Rajoy, 57, who was told by Germany’s Angela Merkel at the G-20 in Mexico June 19 to spell out the depth of his banks’ needs “as soon as possible,” will be under scrutiny today when he faces Merkel and French President Francois Hollande at a meeting in Rome hosted by Italy’s Mario Monti.
The contrast between the unelected Monti, praised by global counterparts for his bid to bring order to Italy’s finances, and Rajoy, who came to power just weeks later, is underscored in the bond markets.
When Rajoy took office in December, Italy’s 10-year yields were surging above 7 percent and comparable Spanish debt traded as much as 200 basis points lower. Now, Spain’s 10-year notes yield 81 basis points more than Italy’s.

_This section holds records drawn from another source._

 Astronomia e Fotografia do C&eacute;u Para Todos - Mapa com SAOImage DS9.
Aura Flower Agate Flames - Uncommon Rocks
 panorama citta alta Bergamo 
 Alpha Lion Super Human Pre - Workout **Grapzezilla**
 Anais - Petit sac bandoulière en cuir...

The International Monetary Fund June 8 urged Spain that devising an “effective communication” strategy is “critical” for financial stability.
“The Spanish problem was entirely avoidable,” said Thomas Mayer, a Frankfurt-based economic adviser to Deutsche Bank AG. “This has been created by miscommunication.”

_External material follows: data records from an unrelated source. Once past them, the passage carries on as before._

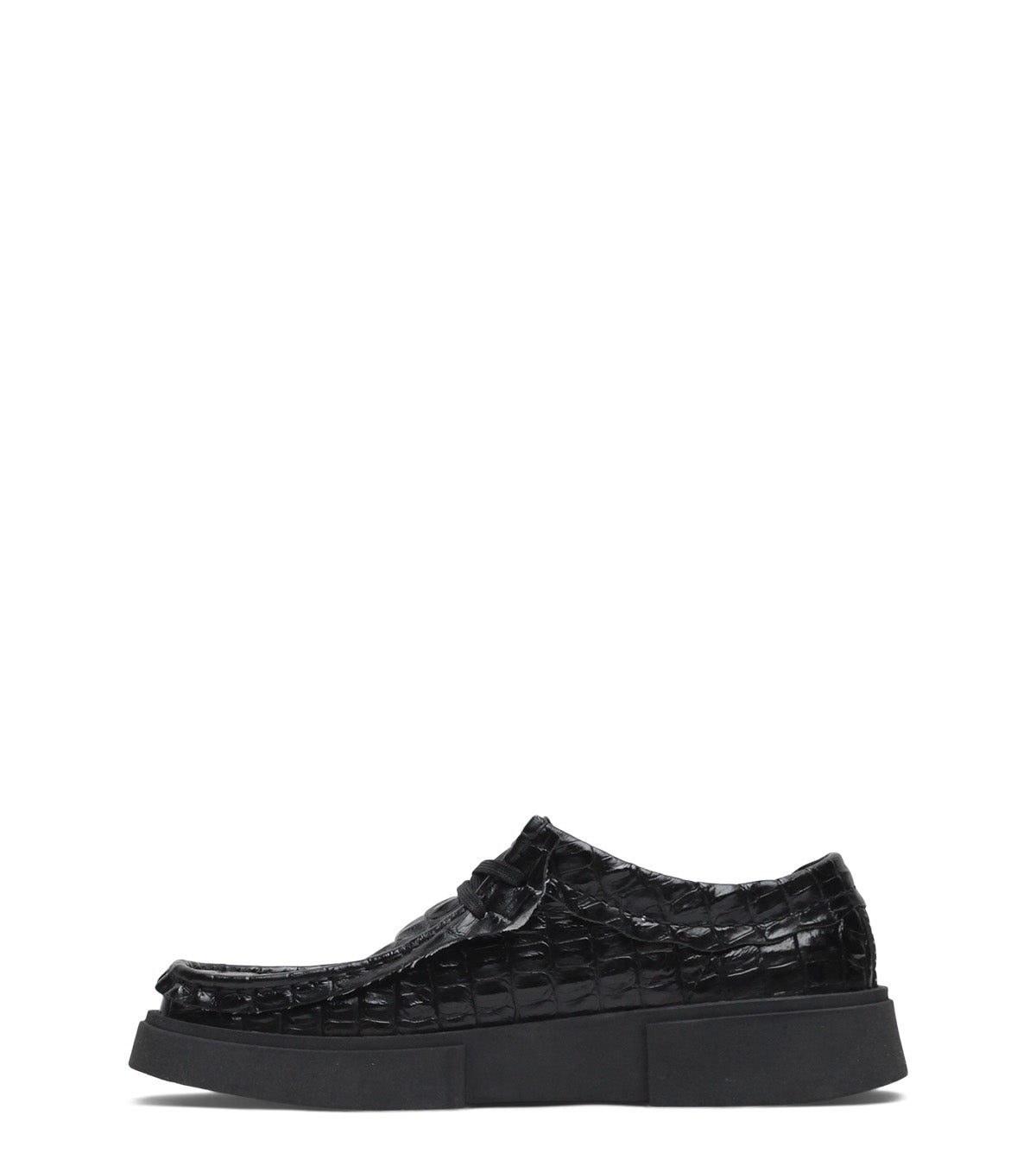 Clarks x Martine Rose Women's Cur Torview Black Leather | SOMEWHERE®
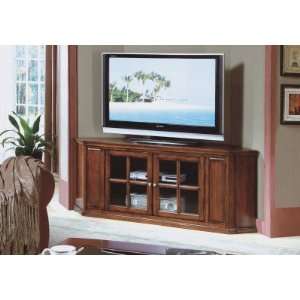    Monarch Oak Solid Wood and Veneer Corner TV Stand: Home & Kitchen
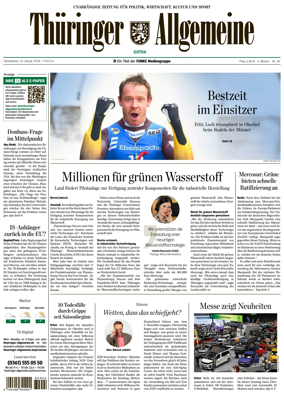 Cover of Thuringer Allgemeine (Gotha)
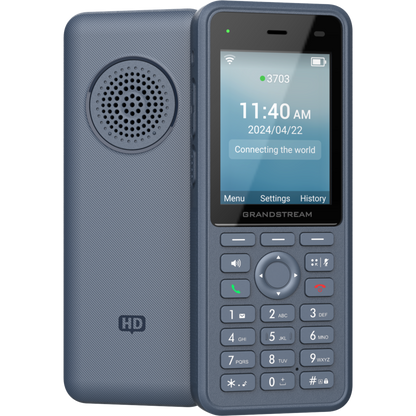 Teléfono IP Wi-Fi Inalámbrico WP836 / Wi-Fi 6 Doble Banda / IP69K Resistente a Exteriores / Batería 3000 mAh / 4 Conferencias / Bluetooth Integrado / USB Tipo C / Compatibilidad con Códec Opus HD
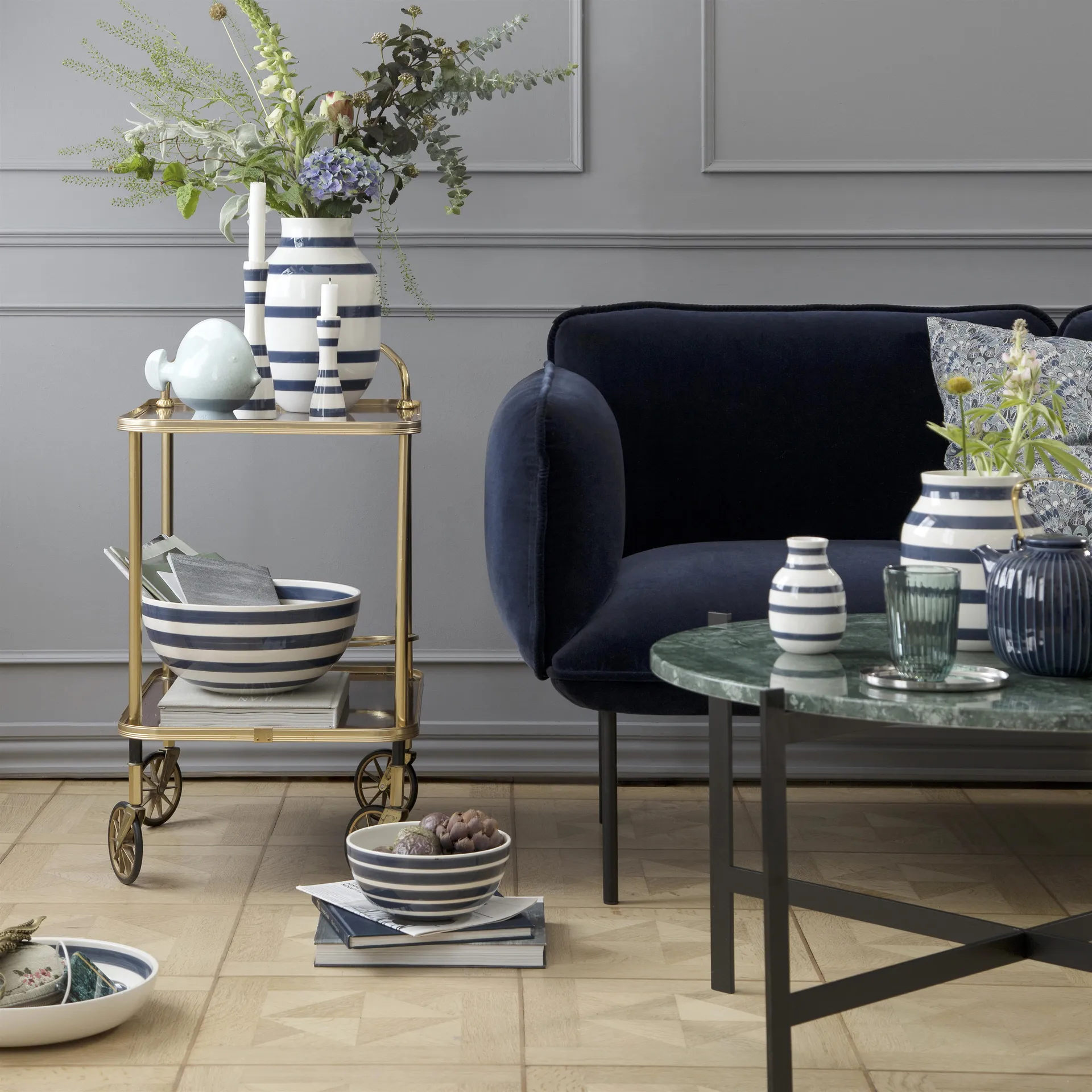 Omaggio fad, stålblå Kähler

The run-up to the bank bailout was marked by policy reversals and self-contradictions by Rajoy, who lost two general elections in Spain before ousting the governing Socialist Party in November.
Rajoy called for the euro region’s rescue fund to recapitalize distressed lenders on May 28, even as he argued that Spanish lenders won’t need external support. On June 2, he called on euro members to give up sovereignty over their budgets to cement a fiscal union, reversing his stance from three months earlier. That’s when he said budgets were a sovereign matter as he defied deficit commitments to the European Union.

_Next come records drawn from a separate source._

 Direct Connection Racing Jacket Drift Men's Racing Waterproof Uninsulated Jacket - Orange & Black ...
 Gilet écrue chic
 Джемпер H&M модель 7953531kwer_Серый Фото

The following week, he left it to Economy Minister Luis de Guindos to explain the bank rescue. Eighteen hours later, with Spaniards posting criticism on Twitter with the hashtag #RajoyCobarde -- Rajoy, coward -- and El Pais newspaper accusing him of hiding, the premier spoke to the press.
“Yesterday, the credibility of the euro won, yesterday the future won,” he said on June 10. “Yesterday, the European Union won.”
Then, he announced that since the banks’ funding problems were resolved he would continue with his plans to watch the national soccer team play that night and climbed aboard his government jet to fly to the Polish city of Gdansk.
“People were astonished that he was going off to Poland,” Jonathan Tepper, a partner at London-based investment research firm Variant Perception, said in a telephone interview. “Things like that make him look completely incompetent.”
A spokeswoman for Rajoy who asked not to be named said the premier wanted to be clear the June 9 agreement was not a bailout for the sovereign and he wasn’t denying reality. Spain has not been dragging its feet over the aid request since the official position has been that they would wait for yesterday’s stress-test results to decide how much capital would be required, she added.
Spanish 10-year government bond yields rose as much as 76 basis points in the week that followed, the biggest weekly gain since 1997 and commentators and rival politicians mocked Rajoy for refusing to acknowledge that the loan deal was a bailout.
“Say it with me, it’s - a - res - cue,” Rosa Diez, leader of a minority group, taunted the prime minister in parliament. “Nothing bad’s going to happen if you say it.”
Rajoy’s budget cutting faces virtually no reduction in the 350-member parliament, where his People’s Party has 185 seats.
Still, his standing with the public has taken a beating. A poll conducted for El Mundo by Sigma Dos between June 12 and June 14 showed Rajoy’s disapproval rating doubled to 43 percent from January.
In Mexico, World Bank President Robert Zoellick said it wasn’t all Rajoy’s fault, criticizing Europe’s leaders for fumbling the bailout.
“To have that being a negative story is amazing” given the amount of money pledged, Zoellick told a June 17 panel discussion at the meeting in the Mexican resort of Los Cabos. “The execution was extremely poor.”